• [The input]:
Start of Block

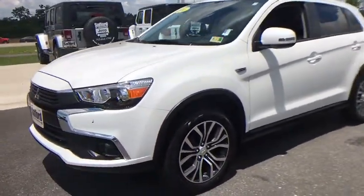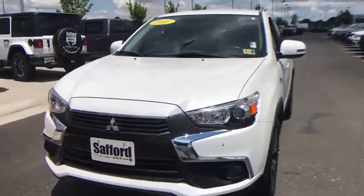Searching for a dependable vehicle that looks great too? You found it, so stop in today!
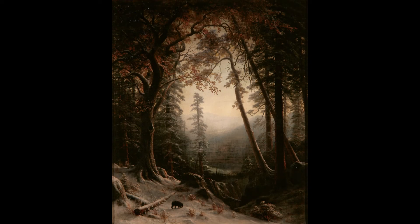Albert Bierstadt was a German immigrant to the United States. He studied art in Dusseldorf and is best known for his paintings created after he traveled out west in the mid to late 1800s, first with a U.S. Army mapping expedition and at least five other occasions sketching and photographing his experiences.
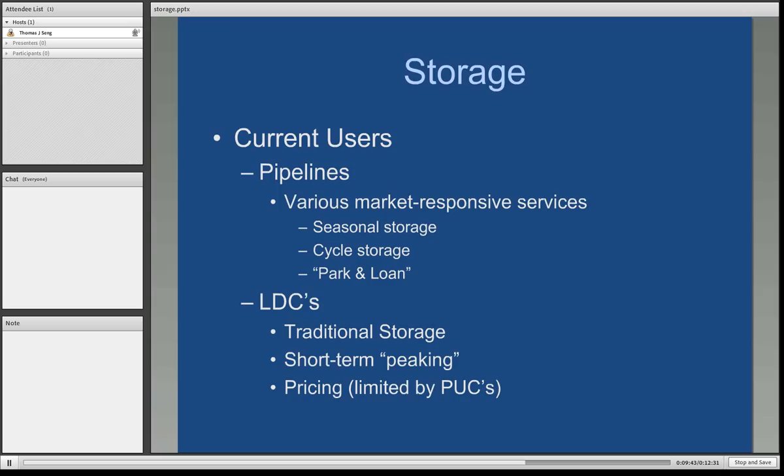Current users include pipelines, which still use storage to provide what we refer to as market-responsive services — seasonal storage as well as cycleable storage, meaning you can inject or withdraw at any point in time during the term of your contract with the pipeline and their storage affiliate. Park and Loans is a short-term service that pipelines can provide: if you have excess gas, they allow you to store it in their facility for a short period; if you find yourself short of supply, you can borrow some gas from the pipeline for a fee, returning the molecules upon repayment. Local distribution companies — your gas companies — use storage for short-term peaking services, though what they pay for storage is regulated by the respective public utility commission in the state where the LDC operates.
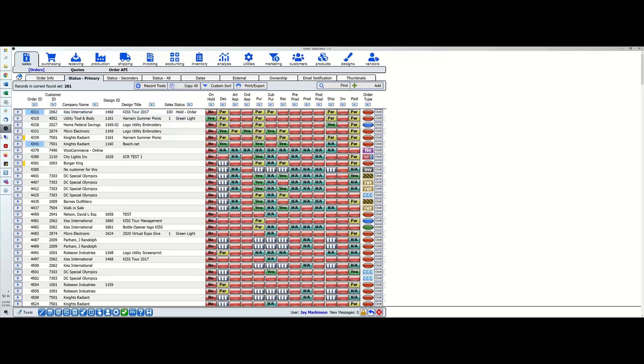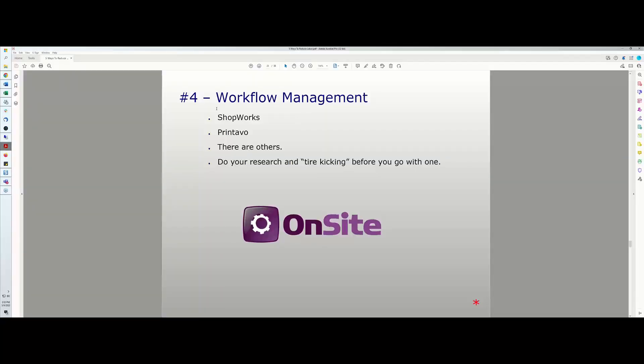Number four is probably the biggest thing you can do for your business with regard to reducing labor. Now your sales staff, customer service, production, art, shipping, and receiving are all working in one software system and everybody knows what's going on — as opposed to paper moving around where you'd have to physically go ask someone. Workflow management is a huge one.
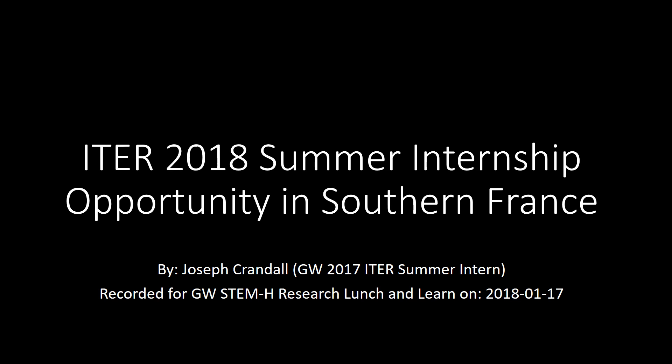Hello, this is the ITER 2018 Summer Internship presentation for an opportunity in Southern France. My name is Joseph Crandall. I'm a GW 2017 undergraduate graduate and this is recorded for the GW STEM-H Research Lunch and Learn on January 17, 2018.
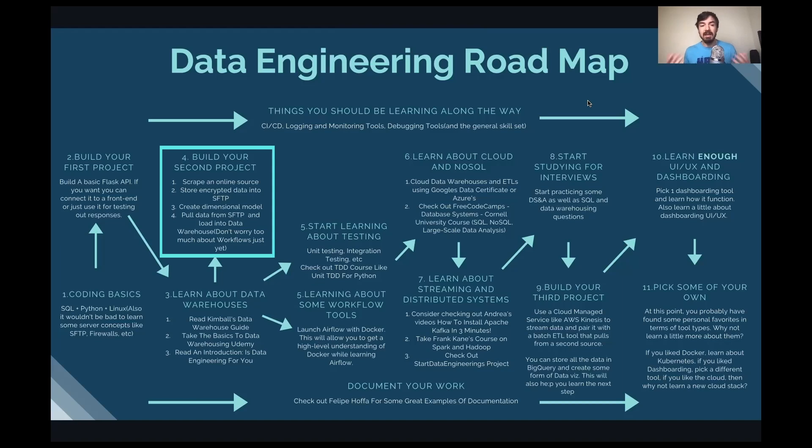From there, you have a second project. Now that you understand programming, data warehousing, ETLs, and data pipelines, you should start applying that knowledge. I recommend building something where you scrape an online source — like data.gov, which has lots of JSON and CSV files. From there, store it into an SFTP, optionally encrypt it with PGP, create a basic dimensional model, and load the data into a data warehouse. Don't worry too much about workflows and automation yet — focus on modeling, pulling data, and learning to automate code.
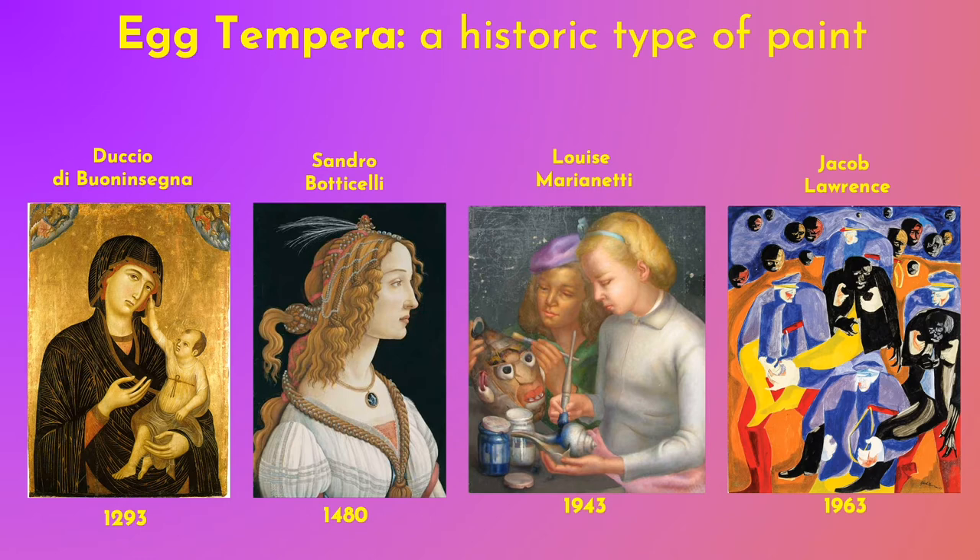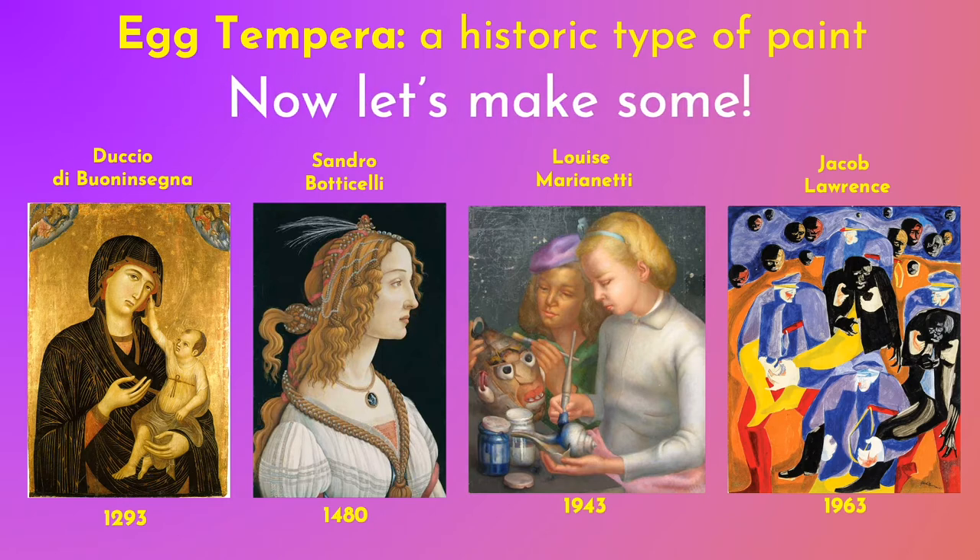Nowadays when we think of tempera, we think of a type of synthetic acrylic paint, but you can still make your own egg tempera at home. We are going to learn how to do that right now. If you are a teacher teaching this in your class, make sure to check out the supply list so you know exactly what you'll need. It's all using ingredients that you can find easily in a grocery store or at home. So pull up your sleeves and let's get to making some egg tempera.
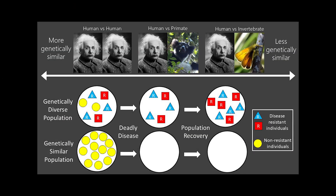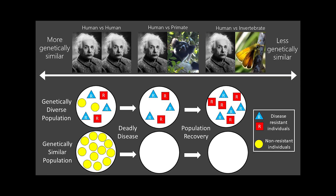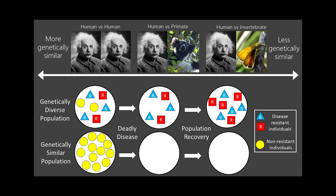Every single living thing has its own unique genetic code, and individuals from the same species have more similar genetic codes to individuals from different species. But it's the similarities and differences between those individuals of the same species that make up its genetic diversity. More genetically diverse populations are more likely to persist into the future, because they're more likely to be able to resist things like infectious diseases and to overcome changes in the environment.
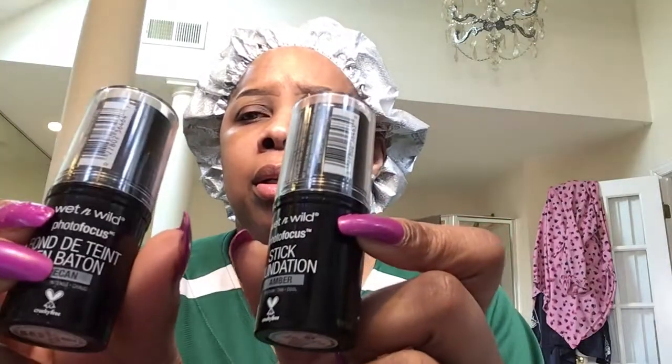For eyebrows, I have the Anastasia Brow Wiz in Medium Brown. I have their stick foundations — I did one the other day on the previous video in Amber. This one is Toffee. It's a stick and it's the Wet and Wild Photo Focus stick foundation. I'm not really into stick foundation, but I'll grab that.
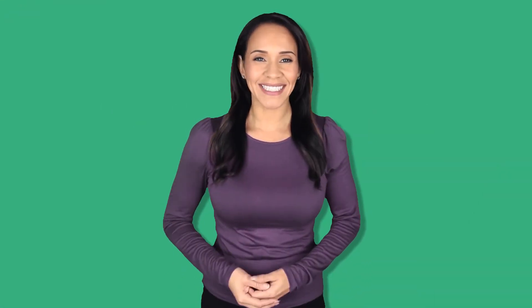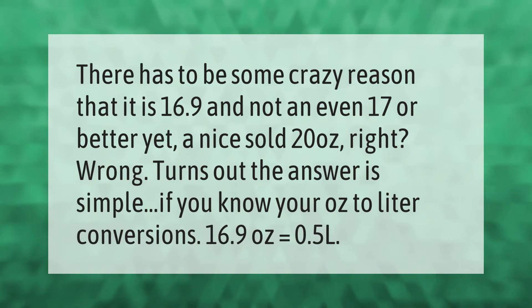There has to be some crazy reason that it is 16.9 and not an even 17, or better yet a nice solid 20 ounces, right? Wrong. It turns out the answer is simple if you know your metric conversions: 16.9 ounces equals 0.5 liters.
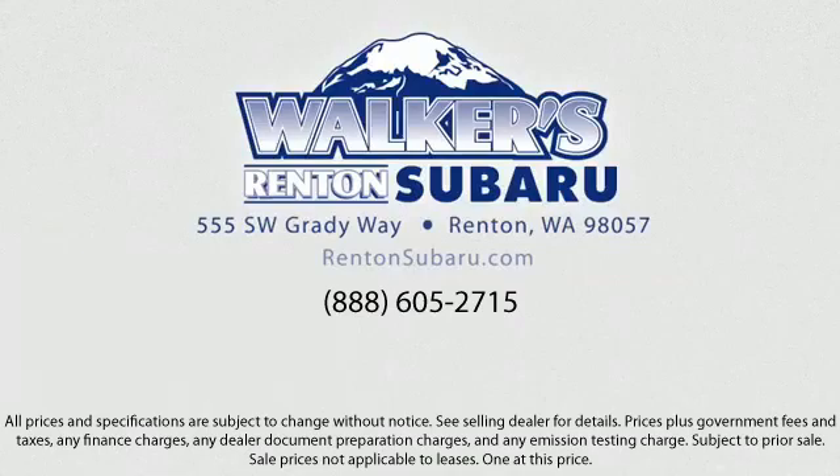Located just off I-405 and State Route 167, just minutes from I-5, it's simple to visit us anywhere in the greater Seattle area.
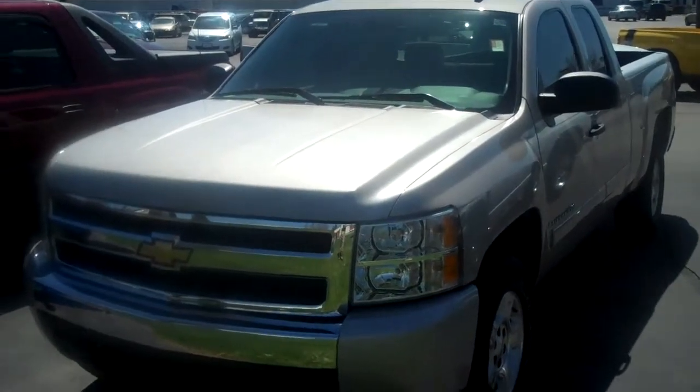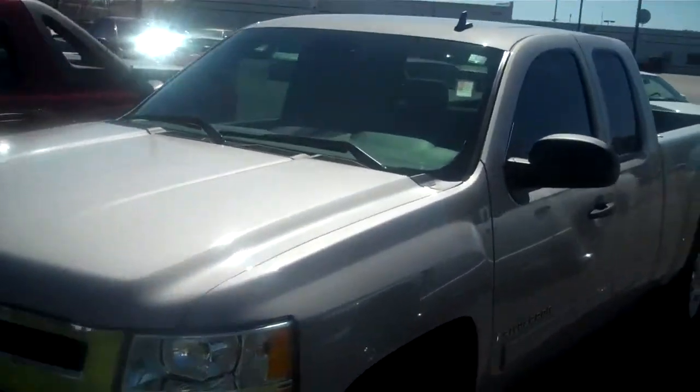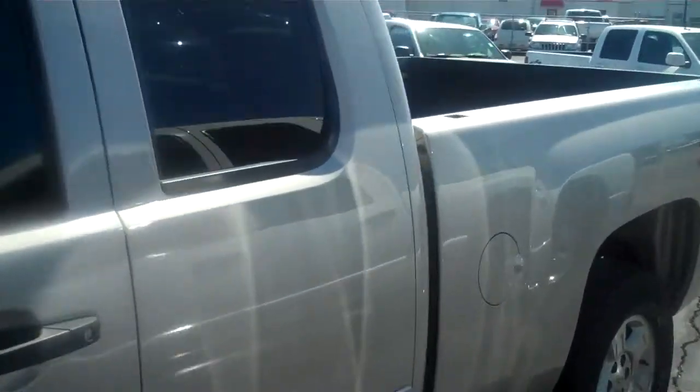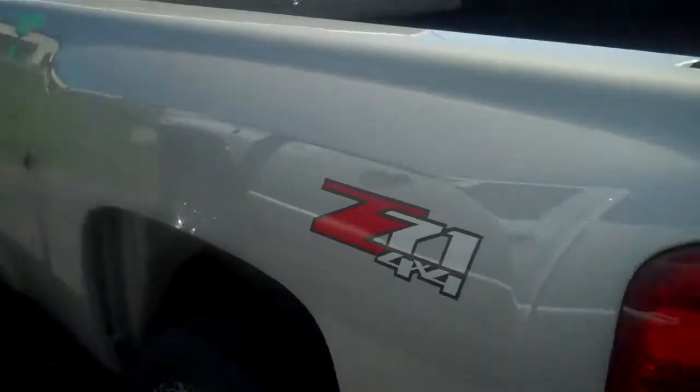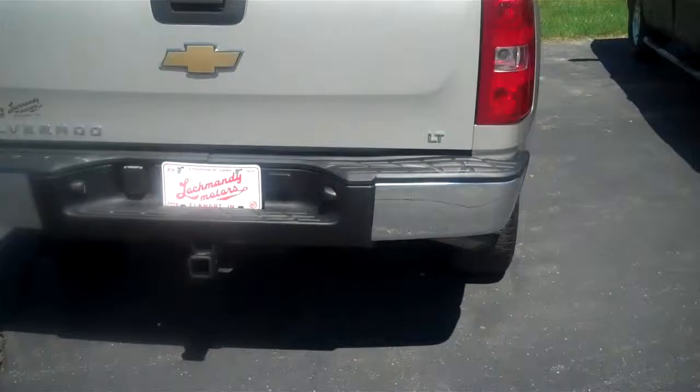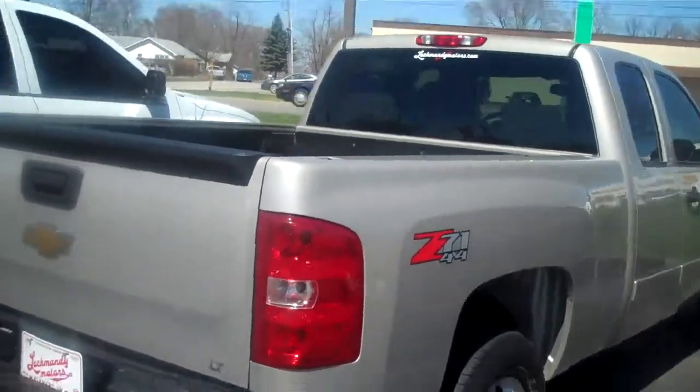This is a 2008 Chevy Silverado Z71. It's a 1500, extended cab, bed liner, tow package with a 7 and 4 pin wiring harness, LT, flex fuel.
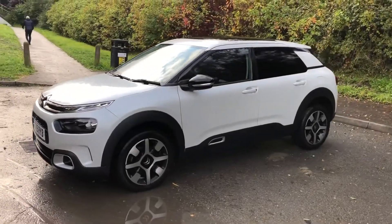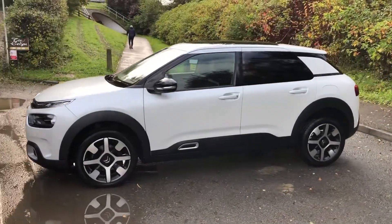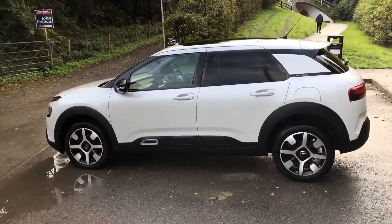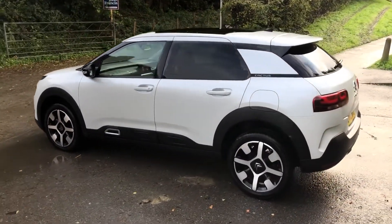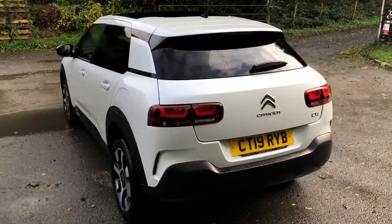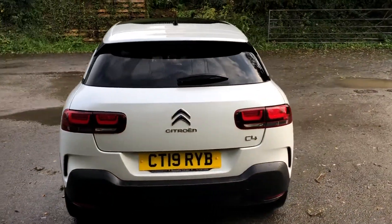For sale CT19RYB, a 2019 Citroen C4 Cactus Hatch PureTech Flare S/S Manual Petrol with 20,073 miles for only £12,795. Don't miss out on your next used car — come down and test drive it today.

End of Block

Everything in the data above should be set down again exactly, except the pictures.

• [Your response]:
Searching for a dependable vehicle that looks great too? You found it, so stop in today!
Albert Bierstadt was a German immigrant to the United States. He studied art in Dusseldorf and is best known for his paintings created after he traveled out west in the mid to late 1800s, first with a U.S. Army mapping expedition and at least five other occasions sketching and photographing his experiences.
Current users include pipelines, which still use storage to provide what we refer to as market-responsive services — seasonal storage as well as cycleable storage, meaning you can inject or withdraw at any point in time during the term of your contract with the pipeline and their storage affiliate. Park and Loans is a short-term service that pipelines can provide: if you have excess gas, they allow you to store it in their facility for a short period; if you find yourself short of supply, you can borrow some gas from the pipeline for a fee, returning the molecules upon repayment. Local distribution companies — your gas companies — use storage for short-term peaking services, though what they pay for storage is regulated by the respective public utility commission in the state where the LDC operates.
Number four is probably the biggest thing you can do for your business with regard to reducing labor. Now your sales staff, customer service, production, art, shipping, and receiving are all working in one software system and everybody knows what's going on — as opposed to paper moving around where you'd have to physically go ask someone. Workflow management is a huge one.
Hello, this is the ITER 2018 Summer Internship presentation for an opportunity in Southern France. My name is Joseph Crandall. I'm a GW 2017 undergraduate graduate and this is recorded for the GW STEM-H Research Lunch and Learn on January 17, 2018.
From there, you have a second project. Now that you understand programming, data warehousing, ETLs, and data pipelines, you should start applying that knowledge. I recommend building something where you scrape an online source — like data.gov, which has lots of JSON and CSV files. From there, store it into an SFTP, optionally encrypt it with PGP, create a basic dimensional model, and load the data into a data warehouse. Don't worry too much about workflows and automation yet — focus on modeling, pulling data, and learning to automate code.
Nowadays when we think of tempera, we think of a type of synthetic acrylic paint, but you can still make your own egg tempera at home. We are going to learn how to do that right now. If you are a teacher teaching this in your class, make sure to check out the supply list so you know exactly what you'll need. It's all using ingredients that you can find easily in a grocery store or at home. So pull up your sleeves and let's get to making some egg tempera.
Every single living thing has its own unique genetic code, and individuals from the same species have more similar genetic codes to individuals from different species. But it's the similarities and differences between those individuals of the same species that make up its genetic diversity. More genetically diverse populations are more likely to persist into the future, because they're more likely to be able to resist things like infectious diseases and to overcome changes in the environment.
For eyebrows, I have the Anastasia Brow Wiz in Medium Brown. I have their stick foundations — I did one the other day on the previous video in Amber. This one is Toffee. It's a stick and it's the Wet and Wild Photo Focus stick foundation. I'm not really into stick foundation, but I'll grab that.
There has to be some crazy reason that it is 16.9 and not an even 17, or better yet a nice solid 20 ounces, right? Wrong. It turns out the answer is simple if you know your metric conversions: 16.9 ounces equals 0.5 liters.
Located just off I-405 and State Route 167, just minutes from I-5, it's simple to visit us anywhere in the greater Seattle area.
This is a 2008 Chevy Silverado Z71. It's a 1500, extended cab, bed liner, tow package with a 7 and 4 pin wiring harness, LT, flex fuel.
For sale CT19RYB, a 2019 Citroen C4 Cactus Hatch PureTech Flare S/S Manual Petrol with 20,073 miles for only £12,795. Don't miss out on your next used car — come down and test drive it today.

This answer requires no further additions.